- Also known as: Ace Flash and the Dynamos
- Origin: Sheffield, England
- Genres: Pub rock; pop rock; soft rock;
- Years active: 1972–1977
- Labels: Anchor ABC Varèse Sarabande
- Past members: Paul Carrack; Alan "Bam" King; Terry "Tex" Comer; Phil Harris; Steve Witherington; Fran Byrne; Jon Woodhead;

= Ace (band) =

English rock band featuring Paul Carrack (1972–1977)

Ace were an English rock band featuring Paul Carrack, who later became famous as a vocalist for Mike + The Mechanics and as a solo artist. Ace were perhaps best known for their hit single "How Long", which was a top 20 single in the United Kingdom in 1974, and reached no. 3 in the United States and Canada in 1975.

==Career==
The band formed in December 1972 in Sheffield as "Ace Flash and the Dynamos", but soon shortened the name to "Ace". The members were assembled from various professional bands. Carrack and Terry Comer had previously played with Warm Dust, and Alan "Bam" King with Mighty Baby and before that the 1960s band The Action. Fusing elements of pop and funk, Ace achieved popularity on the pub rock circuit.

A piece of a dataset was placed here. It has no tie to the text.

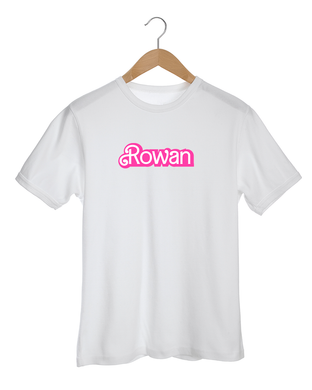 Rowan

Before the recording of their debut album, Five-A-Side, the former drummer of Bees Make Honey, Fran Byrne, replaced Steve Witherington. The single "How Long" was taken from this record, and was a significant chart success, achieving a top 20 place in the UK Singles Chart, and reaching number three in the US Billboard Hot 100 chart in the spring of 1975. The Five-A-Side album did well on its own too, peaking at number 11 on the Billboard 200. Carrack, the band's keyboardist and chief songwriter, sang lead on "How Long", while follow-up singles were sung by other band members.

Ace eventually moved to the United States, replacing Phil Harris with Jon Woodhead in June 1976, and releasing their third and final album No Strings in January 1977. Unlike earlier Ace LPs, the latter featured Carrack's vocals, with Carrack singing lead on the two singles issued from the album. The singles did not chart and Ace disbanded in July 1977, when Carrack, Comer and Byrne all joined Frankie Miller's backing band.

In addition to his solo career, Carrack has since played with Eric Clapton, Nick Lowe, Roger Waters and his The Bleeding Heart Band, Roxy Music for the Manifesto album and tour, Squeeze in the early 1980s, and Mike + The Mechanics, for which he is best known. His solo re-recording of "How Long" became a UK top 40 hit again in 1996.

==Personnel==
- Paul Carrack (born 22 April 1951, Sheffield, Yorkshire) – keyboards, vocals (1972–1977)
- Alan "Bam" King (born 18 September 1946, Kentish Town, London) – rhythm guitar, vocals (1972–1977)
- Terry "Tex" Comer (born 23 February 1949, Burnley, Lancashire) – bass (1972–1977)
- Phil Harris (born Philip Harris, 18 July 1948, Muswell Hill, London) – lead guitar, vocals (1972–1976)
- Steve Witherington (born 26 December 1953, Enfield, Middlesex) – drums (1972–1974)
- Fran Byrne (born 17 March 1948, Dublin, Ireland) – drums (1974–1977)
- Jon Woodhead – lead guitar, vocals (1976–1977)

==Discography==
===Studio albums===

Year: Album; Peak chart positions; Record label
US: CAN
1974: Five-A-Side; 11; 16; Anchor Records
1975: Time for Another; 153; —
1977: No Strings; 170; —
"—" denotes releases that did not chart.

===Compilation albums===
- Six-A-Side (1982)
- How Long: The Best of Ace (1987)
- The Very Best of Ace (1993)
- The Best of Ace (Varèse, 2003)

===Singles===

Year: Title; Peak chart positions; Record label; B-side; Album
US: US AC; CAN; UK
1974: "How Long"; 3; 24; 3; 20; Anchor Records; "Sniffin' About"; Five-A-Side
1975: "Rock & Roll Runaway"; 71; —; —; —; "I Ain't Gonna Stand for This No More" (A-side)
"I Ain't Gonna Stand for This No More": —; —; —; 51; "Rock & Roll Runaway"; Time for Another
"No Future in Your Eyes": —; —; —; —; "I'm a Man"
1977: "You're All That I Need"; —; —; —; —; "Crazy World"; No Strings
"Found Out the Hard Way": —; —; —; —; "Why Did You Leave Me"
"—" denotes releases that did not chart or were not released in that territory.